> DATA EXTRACTS:
——

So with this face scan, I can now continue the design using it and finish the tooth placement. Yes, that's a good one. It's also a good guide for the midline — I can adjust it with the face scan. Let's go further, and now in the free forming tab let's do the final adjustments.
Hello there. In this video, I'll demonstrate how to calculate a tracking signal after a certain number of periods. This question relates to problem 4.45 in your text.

——

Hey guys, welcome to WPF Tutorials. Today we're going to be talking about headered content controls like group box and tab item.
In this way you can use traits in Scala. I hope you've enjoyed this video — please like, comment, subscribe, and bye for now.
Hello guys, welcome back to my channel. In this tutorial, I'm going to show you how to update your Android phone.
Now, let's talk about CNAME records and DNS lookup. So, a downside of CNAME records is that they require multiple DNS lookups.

——

> ABOUT THIS TASK: Within the material above, the line with "Hey guys, welcome" opens the range and the line with "In this way" closes it; reproduce that range word for word.

> RESULT OF THIS TASK:
Hey guys, welcome to WPF Tutorials. Today we're going to be talking about headered content controls like group box and tab item.
In this way you can use traits in Scala. I hope you've enjoyed this video — please like, comment, subscribe, and bye for now.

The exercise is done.